NIAMEY (Reuters) - Tens of thousands of people marched through Niger’s capital Niamey on Tuesday to support the country’s military following a series of attacks along the border with Nigeria carried out by Boko Haram militants.
In raids that included suicide bombings, Boko Haram, which is seeking to carve an Islamist emirate from northern Nigeria, repeatedly struck Diffa in southeastern Niger earlier this month, killing residents and forcing thousands to flee.
Organizers said up to 35,000 people took part in Tuesday’s demonstration, which saw Prime Minister Brigi Rafini and other government officials lead a march that ended in a mass rally in front of the parliament building.
“Boko Haram attacked us and you don’t attack Niger with impunity. Today’s support for the armed forces must be permanent,” President Mahamadou Issoufou told the crowds. “If Allah wills it, Niger will be Boko Haram’s tomb.”
Marchers chanted “All united against Boko Haram” and carried signs or wore t-shirts bearing slogans including “Our army, Our pride.”
Niger’s main opposition parties, which have organized street protests against Issoufou’s rule in the past, did not participate in the march.
Niger’s military killed 218 Boko Haram militants in operations around Diffa, according to army figures. More than 160 people suspected of links to the group have been arrested since Feb. 6, police said on Monday.
“Boko Haram are terrorists without faith or law who make no distinction between civilians and soldiers and rape women. These are not Muslims,” said Ali Oumarou, a student who participated in Tuesday’s march.
Amid growing international concern, Nigeria, Chad, Cameroon, Niger and Benin are preparing a 8,700-strong force to defeat Boko Haram.
Niger’s parliament unanimously approved sending troops across the border into northern Nigeria as part of the regional offensive.
Presidents from the 10-nation Economic Community of Central African States pledged on Monday to create an emergency fund of 50 billion CFA francs ($87 million) for military, medical and logistical support.

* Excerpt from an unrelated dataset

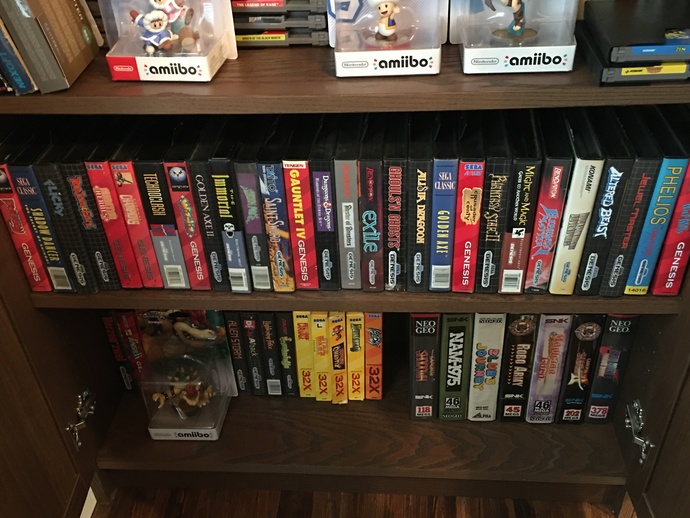 My clam shelled Sega Genesis game collection (also the neo geo and 32x games on bottom shelf)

Boko Haram killed an estimated 10,000 people last year in Nigeria, where the insurgency was cited as the main reason for postponing a Feb. 14 election by six weeks.
However it has also expanded its zone of operations, launching regular raids and kidnapping civilians in northern Cameroon. Niger’s security forces believe Boko Haram cells based in Diffa were involved in the attacks there.